I don't like Michael Jackson's music. Never have, so I'm not going to start now just because he's dead. I feel sorry for him if his life was as pained and peculiar as the media wanted us to believe; but I don't need to tell any of you that there are an awful lot of people out there with problems worse than being rich and sensitive and having been deprived of a childhood by over-ambitious parents.
His music, as I've said, was always boring to me. Superficial. Obvious. Phoney. In the current climate, of course, saying such things is tantamount to heresy. So be it. Delete my Facebook page if you like. Throw a stone through my window. I'll give you my address if it matters to you that much.

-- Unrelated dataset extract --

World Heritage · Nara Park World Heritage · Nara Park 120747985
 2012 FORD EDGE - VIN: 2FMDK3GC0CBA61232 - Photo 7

One commentator, soon after Jackson died, made the absurd claim that he was the most important cultural figure of the last two hundred years. Forget Dylan, the Beatles, Dali, Picasso, James Joyce, Ezra Pound, Baudelaire, Rimbaud. The fellow who sang "Shake Your Body Down To The Ground" tops them all.
Proof of his importance, apparently, is the 750 million records he has sold across the world.
Proof to me that these days we are confusing importance with popularity. I have been in the living rooms of unsigned folksingers who played and sang better music than Jackson while the red wine flowed and the cigarettes burned. No one will ever hear of them in Singapore or Harare but their achievement stands. And if they are signed one day and make it into the consciousness of the world it's a fair chance that something of the brilliance they once showed will be lost.
That's been happening since Elvis Presley.